The dollar fell under pressure after Trump’s interview with Reuters, where he reiterated that he is “not thrilled” by the actions of the Fed and prefers a policy of low interest rates. The dollar index lost 0.7% over the past 24 hours. EURUSD up to 1.1530, the maximum in the last 2 weeks.
Previously Trump used similar verbal interventions in an attempt to stop the U.S. Dollar rally.
Such comments were made on July 19, which restrained the dollar from growth for several weeks. Investors were waiting for Powell’s reaction to the president’s dissatisfaction. However, the Fed has not changed the rhetoric, hinting at the willingness to raise rates as soon as September. In addition to raising the rate of the Fed, the dollar is also supported by Trump’s policy. Trade conflicts with China and diplomatic rifts with Turkey raise the demand for protective assets away from the epicentre of the crisis. Under these conditions, the dollar has played a role of safe-haven asset.
Despite the fact that the central bank is pursuing an independent policy, the president and his administration are nominating candidates for key positions in the Fed, and several appointments are still to be made this year. The markets fear that Trump’s words may be a signal to search for more “dovish” candidates for key positions.
Trump’s comments could play an important role in the dollar’s dynamics. EURUSD has returned to the area above 1.1500, back to the trading range from May to mid-August. If the pair is able to stay above this mark by the end of the day, technically it will cross out the recent dollar rally. In addition, the relative strength index (RSI) has returned from oversold levels for EURUSD that is another strong bearish signal against dollar.

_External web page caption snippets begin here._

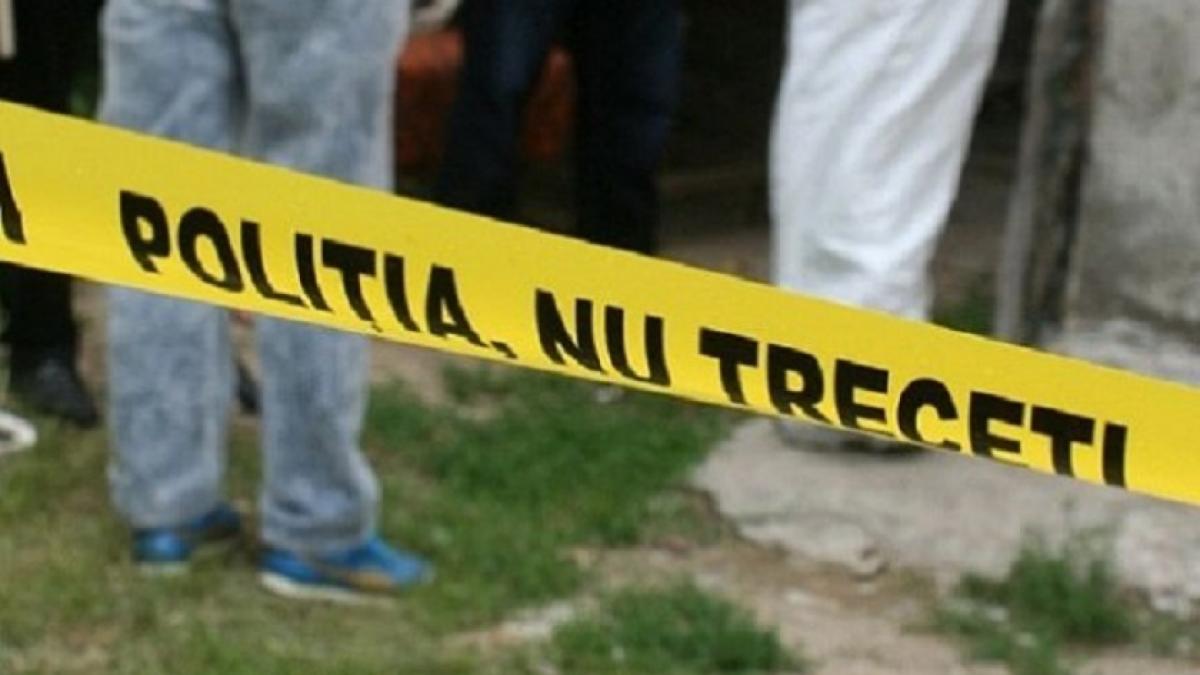 OROARE la Galaţi! Un tată şi-a UCIS fiul abia întors din Italia cu mai multe LOVITURI DE CUŢIT. Tânărul de 20 de ani venise în vacanţă
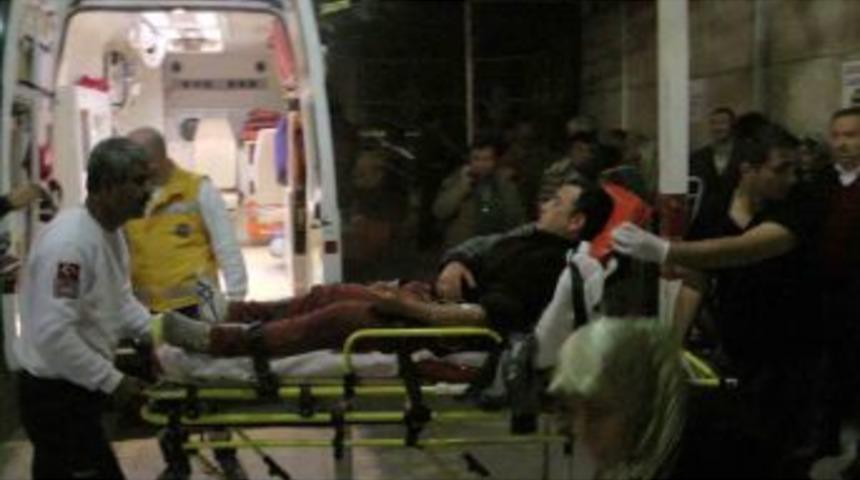 K&ouml;y Dolmuşu Devrildi: 17 Yaralı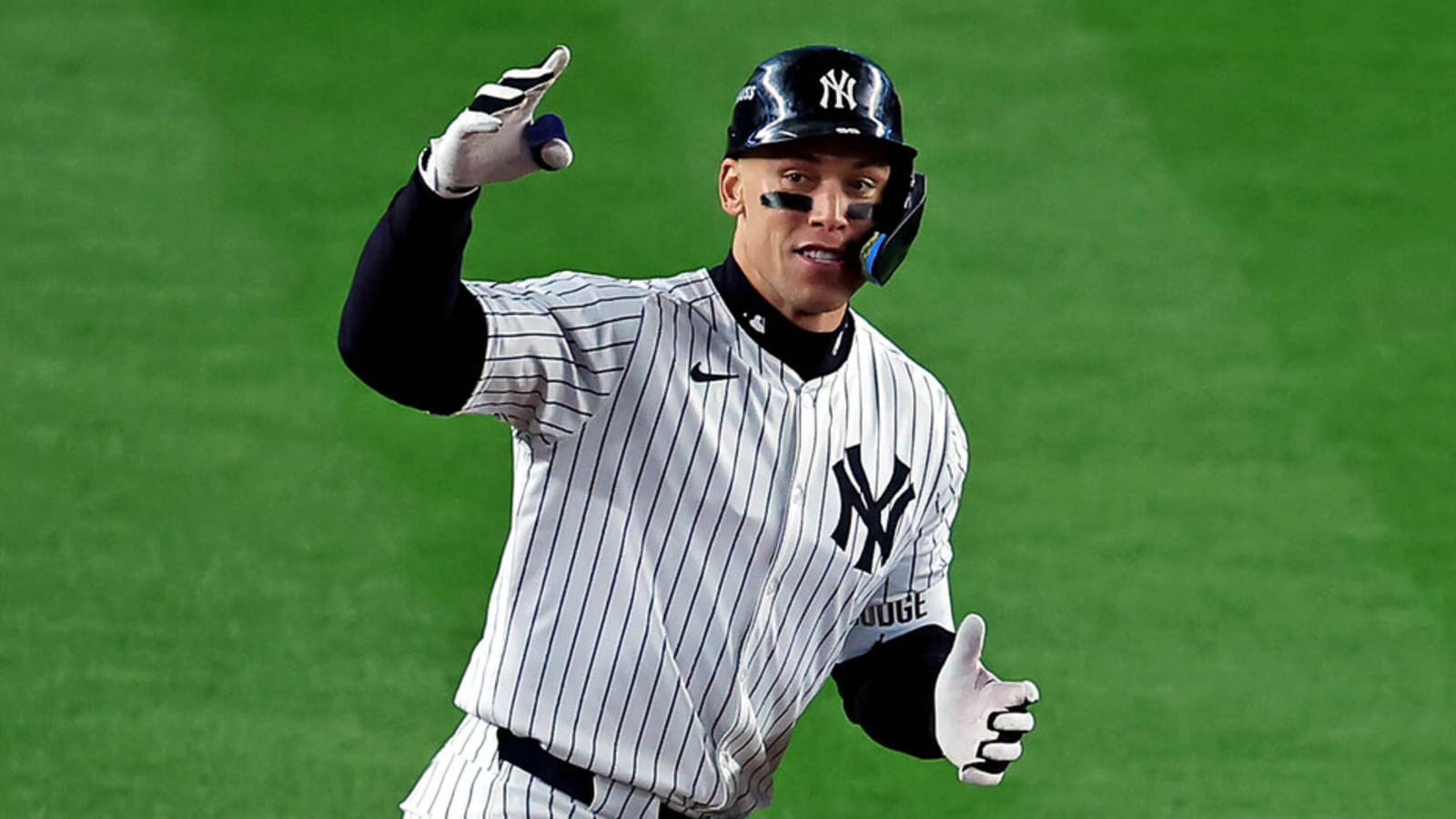 Watch: Aaron Judge busts out of slump with first playoff HR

Thus, Trump’s words could seriously affect the technical picture of the dollar for the next few days, preventing it from pausing the rally with potential targets for EURUSD near 1.11 on even lower in 1.04 area. However, for Trump dollar is not a goal, but a means to achieve his political goals. The active imposition of sanctions, as was the case earlier this year against Iran, Turkey and Russia, will preserve the status of a protective asset for the dollar, and the new tariffs continue to force the Fed to raise rates to fight inflation pressure.